What you need to do: Write the entries below out again exactly; any picture in them stays out.

Extracted material:
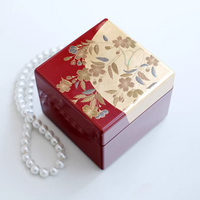 Rin Essense elegant red and gold floral jewelry box with pearl necklace on white background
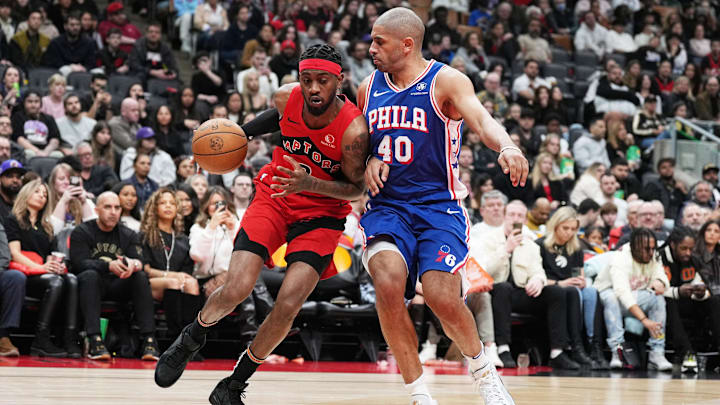 Mar 31, 2024; Toronto, Ontario, CAN; Toronto Raptors forward Jalen McDaniels (2) controls the ball as Philadelphia 76ers forward Nicolas Batum (40) tries to defend during the fourth quarter at Scotiabank Arena. Mandatory Credit: Nick Turchiaro-USA TODAY Sports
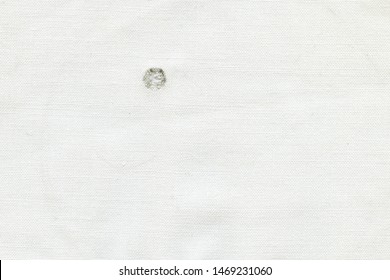 Bullet Hole On A White Cloth, Abstract Background.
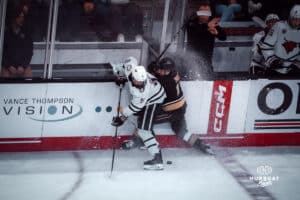 UNO Mavericks player, Joe Gramer, clashes with a Manitoba player during a college hockey game on Dec 29, 2024 in Omaha, Nebraska. Photo by Logan Hock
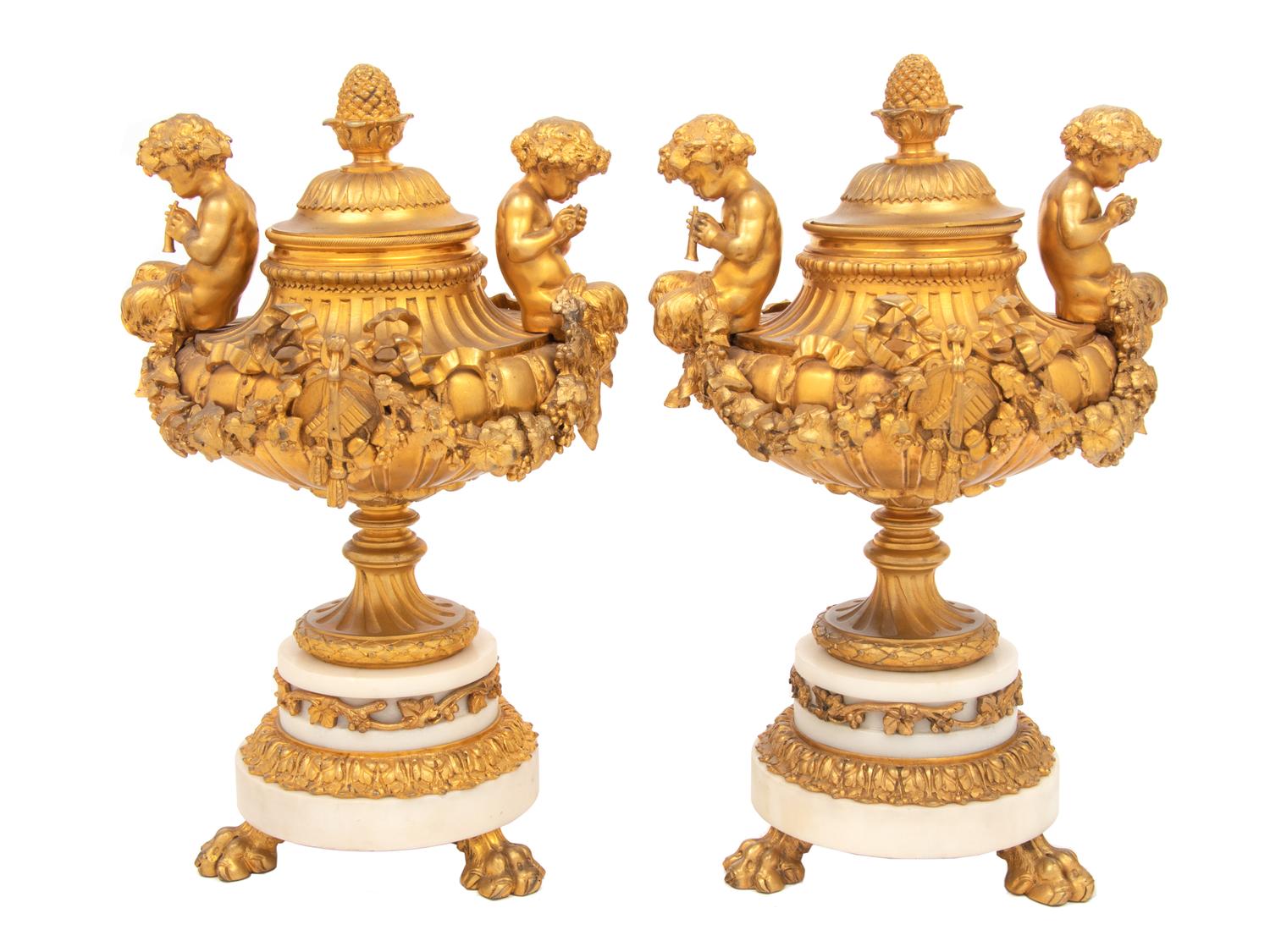 A Pair of Louis XVI Style Gilt Bronze and Marble Covered Urns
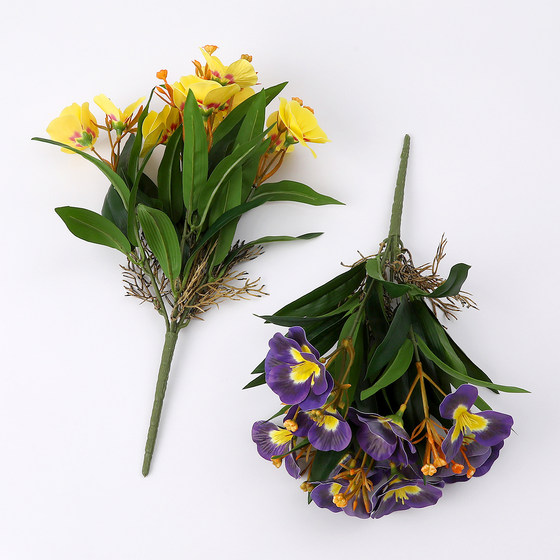 Simulated artificial flowers and green plants decorative leaves and begonia flowers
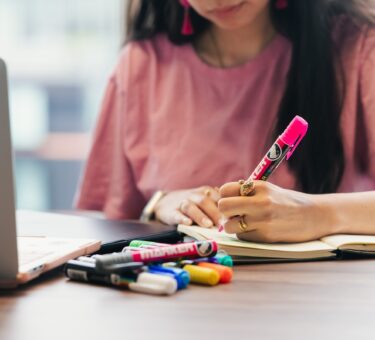 Student studying and writing notes at a desk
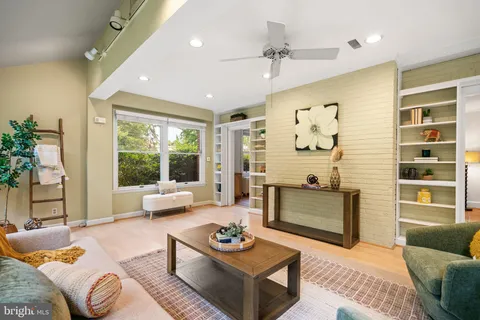 a bedroom with a bed and chair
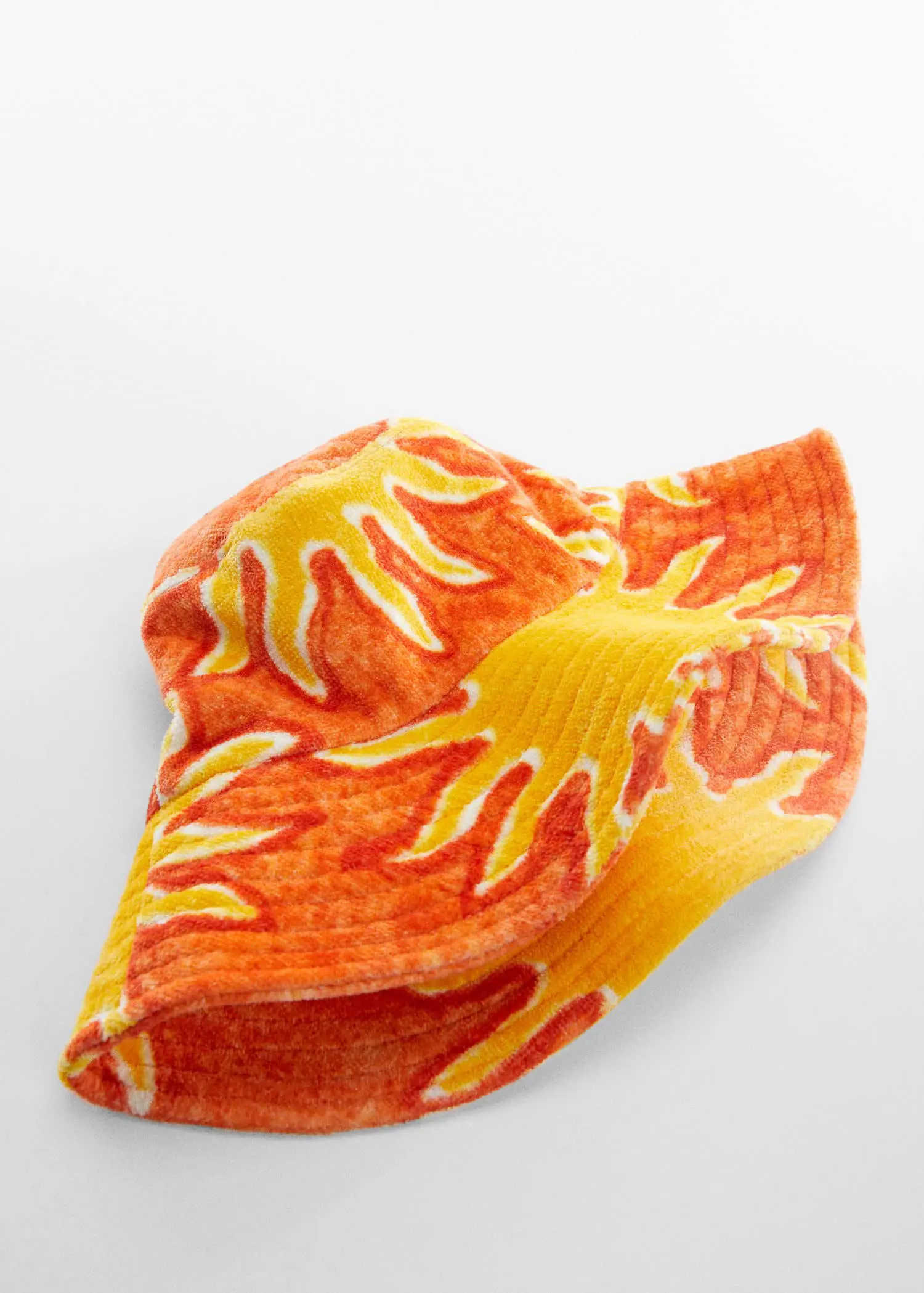 Mango Printed terry cloth bucket hat. an orange and yellow object on top of a white surface. 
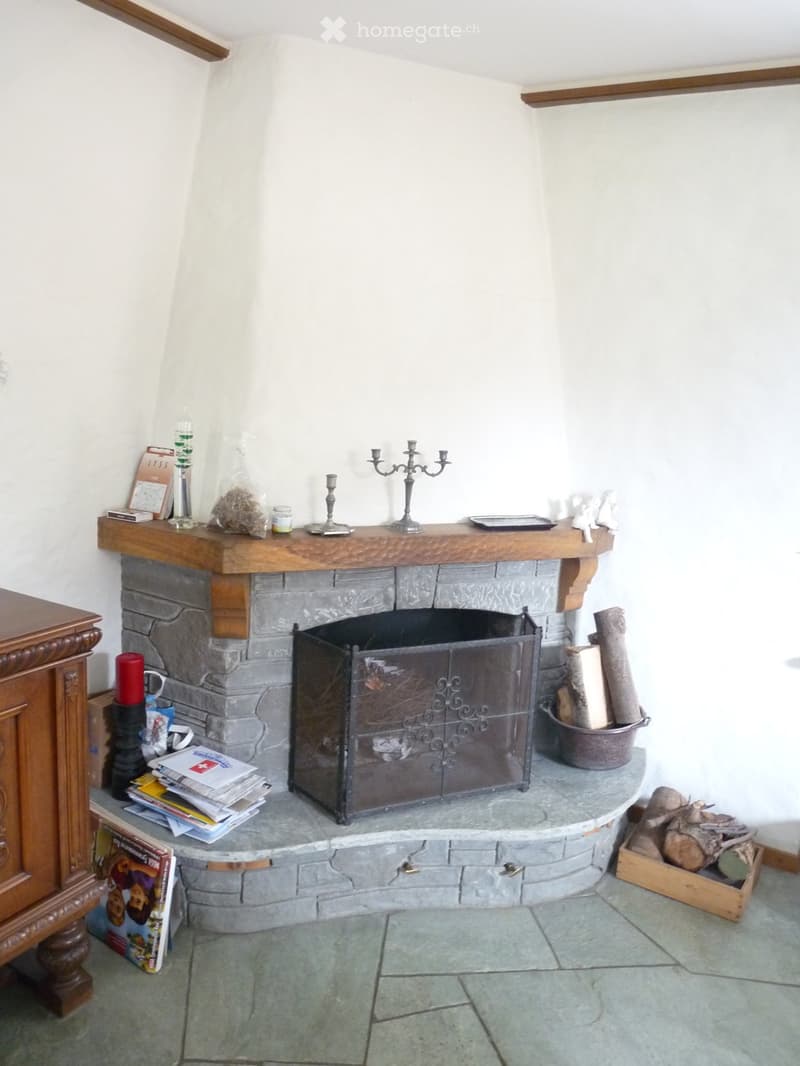 A stone fireplace with a wooden mantel, surrounded by decorative items including candles, a candle holder, a fire screen, and a stack of magazines. Wooden logs are stored nearby, and a wooden cabinet is visible to the left.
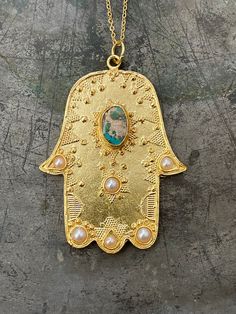 Hamsa Hand is very meaningful in many traditions. It's believed keep away from bad luck and negative things then turn them to Positive energy!! 21 ct gold plated brass. Turquoise and Pearl Length - Approx 83cm / top 6,5 x 5 cm Designed by our Turkish designer. Handcrafted with great care. Spiritual Turquoise Pendant Necklace For Festival, Artisan Handmade Necklace For Blessing Occasions, Artisan Handmade Jewelry For Blessing, Artisan Necklaces For Festivals, Bohemian Handmade Good Luck Necklace, Spiritual Turquoise Necklace For Festivals, Traditional Handmade Turquoise Pendant Necklace, Bohemian Round Pendant Necklace For Blessing, Amulet Style Jewelry With Large Pendant For Blessing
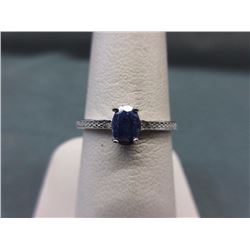 RING - OVAL FACETED BLUE SAPPHIRE & 2 DIAMONDS IN STERLING SILVER SOLITAIRE DESIGNED SETTING - RETAI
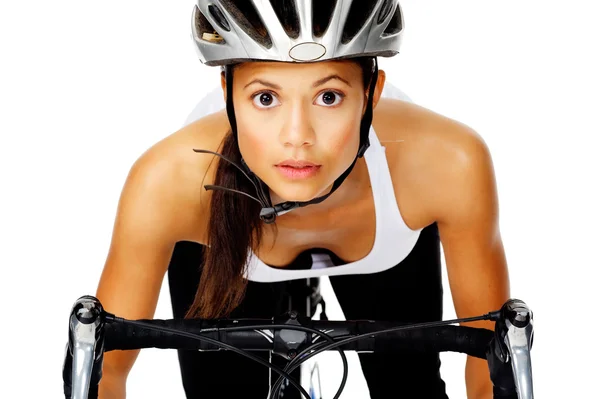 Pretty active cyclist holding to handlebars on a road bike in st — Stock Photo, Image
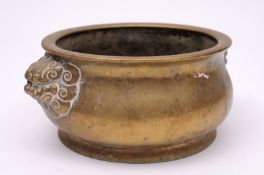 A Chinese polished bronze censer of squat baluster form with dragon mask handles, bears six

Task answer:
 Rin Essense elegant red and gold floral jewelry box with pearl necklace on white background
 Mar 31, 2024; Toronto, Ontario, CAN; Toronto Raptors forward Jalen McDaniels (2) controls the ball as Philadelphia 76ers forward Nicolas Batum (40) tries to defend during the fourth quarter at Scotiabank Arena. Mandatory Credit: Nick Turchiaro-USA TODAY Sports
 Bullet Hole On A White Cloth, Abstract Background.
 UNO Mavericks player, Joe Gramer, clashes with a Manitoba player during a college hockey game on Dec 29, 2024 in Omaha, Nebraska. Photo by Logan Hock
 A Pair of Louis XVI Style Gilt Bronze and Marble Covered Urns
 Simulated artificial flowers and green plants decorative leaves and begonia flowers
 Student studying and writing notes at a desk
 a bedroom with a bed and chair
 Mango Printed terry cloth bucket hat. an orange and yellow object on top of a white surface. 
 A stone fireplace with a wooden mantel, surrounded by decorative items including candles, a candle holder, a fire screen, and a stack of magazines. Wooden logs are stored nearby, and a wooden cabinet is visible to the left.
 Hamsa Hand is very meaningful in many traditions. It's believed keep away from bad luck and negative things then turn them to Positive energy!! 21 ct gold plated brass. Turquoise and Pearl Length - Approx 83cm / top 6,5 x 5 cm Designed by our Turkish designer. Handcrafted with great care. Spiritual Turquoise Pendant Necklace For Festival, Artisan Handmade Necklace For Blessing Occasions, Artisan Handmade Jewelry For Blessing, Artisan Necklaces For Festivals, Bohemian Handmade Good Luck Necklace, Spiritual Turquoise Necklace For Festivals, Traditional Handmade Turquoise Pendant Necklace, Bohemian Round Pendant Necklace For Blessing, Amulet Style Jewelry With Large Pendant For Blessing
 RING - OVAL FACETED BLUE SAPPHIRE & 2 DIAMONDS IN STERLING SILVER SOLITAIRE DESIGNED SETTING - RETAI
 Pretty active cyclist holding to handlebars on a road bike in st — Stock Photo, Image
 A Chinese polished bronze censer of squat baluster form with dragon mask handles, bears six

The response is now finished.